You cannot run an IV fluid without an order unless the organization has a policy that allows for this practice. While the instructors rationale makes sense, this practice is out of scope for the nurse. IV fluids are considered medications and all medications require a physician (or LIP) order. It would also be a problem for billing. They can't bill for the IVF administered if there's not an order for it. Many organizations have some sort of policy or protocol (approved by medical staff) for running IV medications that allows for NS as a primary with a 20-50 cc "flush" following the completion of the antibiotic. Also, some organizations have some sort of policy or protocol (approved by medical staff) for running NS as a to keep open (TKO) rate (usually 15-20cc/hour) on anyone receiving periodic IV medications that otherwise would not have an IV running.

Specializes in Quality, Risk, PI, M/S, PEDS, OPSU/PACU.

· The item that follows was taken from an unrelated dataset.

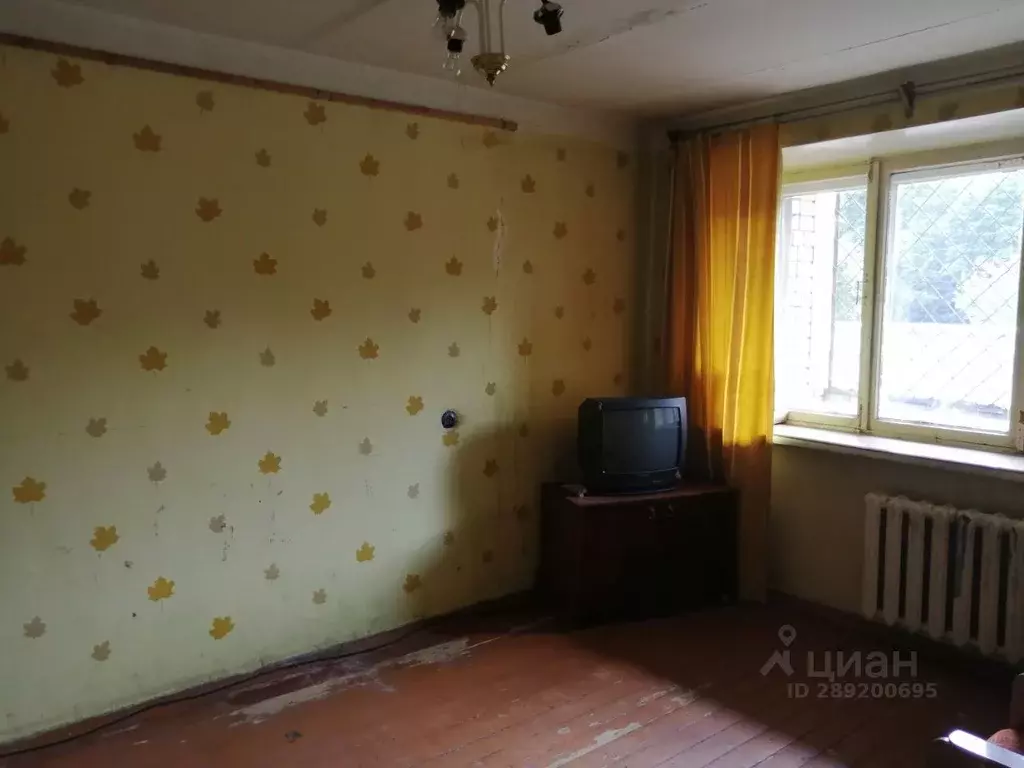 3-к кв. Ивановская область, Иваново ул. Красных Зорь, 12 (50.9 м) - Фото 1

You can help protect yourself and the organization by recommending (or even drafting) a protocol to be implemented. While I agree that there probably hasn't ever been anyone to lose their license over this practice, it is still out of scope and has the potential to cause patient harm. For example, a patient receiving several IV medications and also at risk for fluid overload. The additional fluid received could be just enough to push them into overload. Granted, this could happen even if there was a policy or protocol in place. The difference is that the nurse would be protected for her actions if there was a policy or protocol in place.